Kessler, Friedrich/ Fine, Edith, Culpa in Contrahendo, Bargaining in Good Faith and Freedom of Contract : A Comparative Study, 77 Harv.L.Rev. 1963/64, at 401 et seq.

Ordonnance n° 2016-131 du 10 février 2016 portant réforme du droit des contrats, du régime général et de la preuve des obligations.

Arrêt Manoukian (Cour de cassation, chambre commerciale, Audience publique du mercredi 26 novembre 2003, N° de pourvoi: 00-10243 00-10949).

[1992] 2 AC 128, [1992] 1 All ER 453, [1992] 2 WLR 174, [1992] ANZ Conv R 207 Coram : Lord Ackner.

Venture Associates Corporation, Plaintiff-appellant, v. Zenith Data Systems Corporation, Defendant-appellee, 96 F.3d 275 (7th Cir. 1996)

SIGA Technologies, Inc. v. PharmAthene Cour Surpême du Delaware, décembre 2015

Pour en savoir plus :

Étude détaillée dans le Réforme du droit des obligations – Un supplément au Code Civil 2016 (à jour de l’ordonnance n°2016-131 du 10 février 2016), édition Dalloz.

Nutshell Contract Law (Nutshells) par Robert Duxbury.

[1] -« L’initiative, le déroulement et la rupture des négociations précontractuelles sont libres.

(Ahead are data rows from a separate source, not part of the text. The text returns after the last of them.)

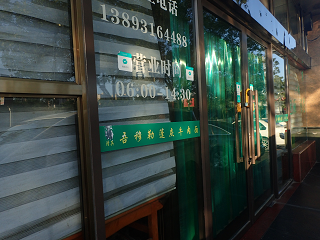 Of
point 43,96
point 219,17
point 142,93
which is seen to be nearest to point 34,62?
point 43,96

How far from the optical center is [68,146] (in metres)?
1.15

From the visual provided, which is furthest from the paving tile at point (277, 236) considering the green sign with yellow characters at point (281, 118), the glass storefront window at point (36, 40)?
the glass storefront window at point (36, 40)

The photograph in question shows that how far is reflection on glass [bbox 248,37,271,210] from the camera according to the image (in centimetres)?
312

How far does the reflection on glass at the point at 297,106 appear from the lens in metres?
4.94

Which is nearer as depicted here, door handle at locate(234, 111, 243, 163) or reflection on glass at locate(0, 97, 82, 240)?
reflection on glass at locate(0, 97, 82, 240)

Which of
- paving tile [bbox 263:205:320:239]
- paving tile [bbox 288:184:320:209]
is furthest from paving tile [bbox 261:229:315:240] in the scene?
paving tile [bbox 288:184:320:209]

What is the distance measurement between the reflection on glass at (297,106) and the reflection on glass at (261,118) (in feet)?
5.61

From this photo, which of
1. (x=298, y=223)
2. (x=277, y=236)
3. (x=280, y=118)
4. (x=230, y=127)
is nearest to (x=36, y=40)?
(x=230, y=127)

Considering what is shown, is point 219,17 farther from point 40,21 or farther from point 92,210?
point 92,210

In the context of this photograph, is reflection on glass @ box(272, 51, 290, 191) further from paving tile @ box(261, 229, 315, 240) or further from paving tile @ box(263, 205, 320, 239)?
paving tile @ box(261, 229, 315, 240)

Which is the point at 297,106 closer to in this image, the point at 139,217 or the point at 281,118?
the point at 281,118

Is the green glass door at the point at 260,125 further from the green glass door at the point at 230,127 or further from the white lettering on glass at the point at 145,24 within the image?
the white lettering on glass at the point at 145,24

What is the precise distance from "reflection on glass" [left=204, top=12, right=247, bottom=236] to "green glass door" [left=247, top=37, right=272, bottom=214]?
41 cm

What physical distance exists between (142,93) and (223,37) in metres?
1.47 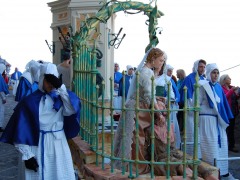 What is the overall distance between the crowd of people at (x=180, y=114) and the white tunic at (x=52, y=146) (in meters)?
0.63

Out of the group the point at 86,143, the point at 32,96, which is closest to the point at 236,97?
the point at 86,143

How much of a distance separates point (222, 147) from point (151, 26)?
2362 millimetres

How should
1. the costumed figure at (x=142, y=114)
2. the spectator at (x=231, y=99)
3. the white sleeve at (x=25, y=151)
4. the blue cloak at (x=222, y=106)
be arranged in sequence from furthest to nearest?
the spectator at (x=231, y=99)
the blue cloak at (x=222, y=106)
the costumed figure at (x=142, y=114)
the white sleeve at (x=25, y=151)

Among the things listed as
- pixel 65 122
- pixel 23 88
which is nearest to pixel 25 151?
pixel 65 122

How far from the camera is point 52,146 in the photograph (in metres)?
4.62

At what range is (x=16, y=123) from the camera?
15.2 feet

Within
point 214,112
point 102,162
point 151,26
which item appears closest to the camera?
point 102,162

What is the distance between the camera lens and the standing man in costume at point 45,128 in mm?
4562

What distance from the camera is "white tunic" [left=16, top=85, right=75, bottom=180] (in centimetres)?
460

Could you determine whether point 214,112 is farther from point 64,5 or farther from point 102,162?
point 64,5

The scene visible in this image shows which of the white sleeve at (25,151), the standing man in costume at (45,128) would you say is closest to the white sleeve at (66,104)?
the standing man in costume at (45,128)

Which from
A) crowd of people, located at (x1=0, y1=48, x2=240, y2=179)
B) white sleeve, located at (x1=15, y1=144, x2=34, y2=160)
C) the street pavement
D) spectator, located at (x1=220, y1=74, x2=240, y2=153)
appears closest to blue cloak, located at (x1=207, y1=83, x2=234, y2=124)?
the street pavement

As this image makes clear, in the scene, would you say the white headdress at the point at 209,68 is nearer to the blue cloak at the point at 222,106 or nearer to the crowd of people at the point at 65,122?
the blue cloak at the point at 222,106

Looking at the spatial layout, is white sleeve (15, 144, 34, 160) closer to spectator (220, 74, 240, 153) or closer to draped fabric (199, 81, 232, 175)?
draped fabric (199, 81, 232, 175) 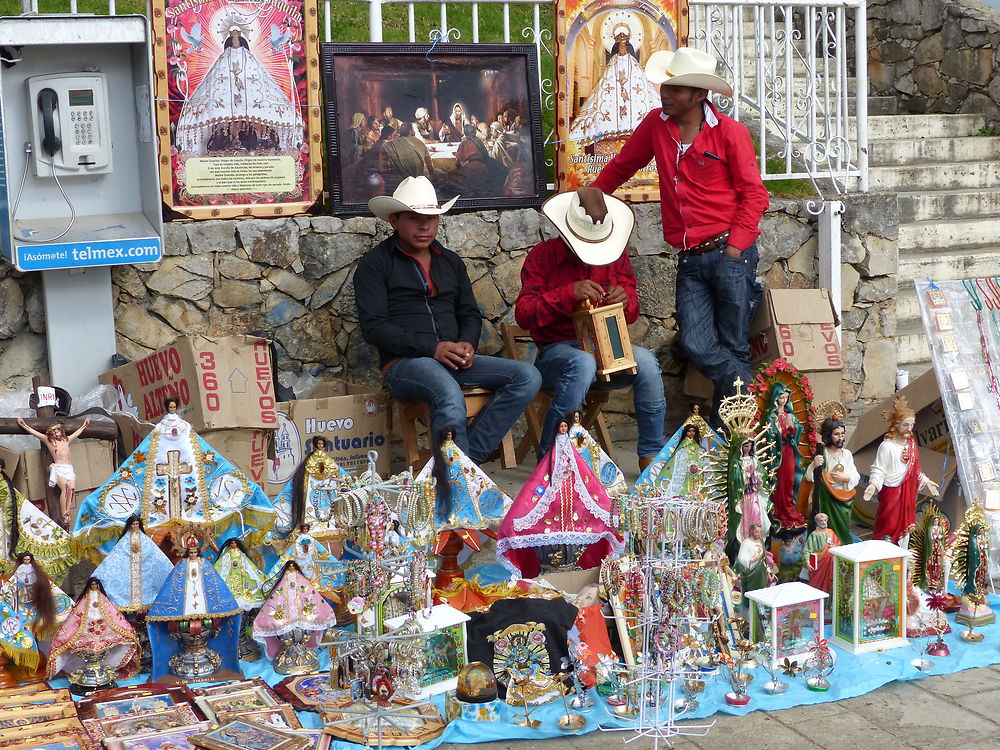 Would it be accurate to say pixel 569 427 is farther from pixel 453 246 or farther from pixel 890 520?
pixel 453 246

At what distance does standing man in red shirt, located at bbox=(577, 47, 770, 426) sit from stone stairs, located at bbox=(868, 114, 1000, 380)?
235 centimetres

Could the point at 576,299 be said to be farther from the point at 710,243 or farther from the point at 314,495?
the point at 314,495

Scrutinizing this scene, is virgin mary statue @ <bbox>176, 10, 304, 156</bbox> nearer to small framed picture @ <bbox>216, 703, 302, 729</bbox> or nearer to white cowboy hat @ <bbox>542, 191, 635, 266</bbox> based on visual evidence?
white cowboy hat @ <bbox>542, 191, 635, 266</bbox>

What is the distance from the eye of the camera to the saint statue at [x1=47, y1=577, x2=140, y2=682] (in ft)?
14.4

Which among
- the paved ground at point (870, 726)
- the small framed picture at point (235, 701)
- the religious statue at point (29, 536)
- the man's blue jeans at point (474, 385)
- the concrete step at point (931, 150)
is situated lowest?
→ the paved ground at point (870, 726)

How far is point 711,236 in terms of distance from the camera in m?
6.53

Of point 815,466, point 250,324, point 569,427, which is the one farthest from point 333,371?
point 815,466

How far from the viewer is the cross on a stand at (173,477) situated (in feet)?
16.1

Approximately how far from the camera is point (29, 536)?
4.73 metres

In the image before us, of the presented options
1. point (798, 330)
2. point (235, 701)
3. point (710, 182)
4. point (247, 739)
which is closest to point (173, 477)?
point (235, 701)

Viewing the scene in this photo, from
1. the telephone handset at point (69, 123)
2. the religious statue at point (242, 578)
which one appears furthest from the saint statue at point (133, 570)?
the telephone handset at point (69, 123)

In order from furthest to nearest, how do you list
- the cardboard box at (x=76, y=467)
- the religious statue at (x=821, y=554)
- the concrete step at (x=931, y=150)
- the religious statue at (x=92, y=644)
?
the concrete step at (x=931, y=150), the cardboard box at (x=76, y=467), the religious statue at (x=821, y=554), the religious statue at (x=92, y=644)

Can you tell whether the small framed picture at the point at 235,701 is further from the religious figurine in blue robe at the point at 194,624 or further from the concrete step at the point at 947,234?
the concrete step at the point at 947,234

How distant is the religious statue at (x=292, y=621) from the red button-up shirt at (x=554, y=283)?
215 cm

Ils doivent impérativement satisfaire aux exigences de la bonne foi.
En cas de faute commise dans les négociations, la réparation du préjudice qui en résulte ne peut avoir pour objet de compenser la perte des avantages attendus du contrat non conclu. »

[2] La bonne foi s’impose « dans toutes les phases de la vie du contrat : négociation, information, conclusion, exécution, interprétation, modification, renégociation, inexécution, rupture et ses conséquences».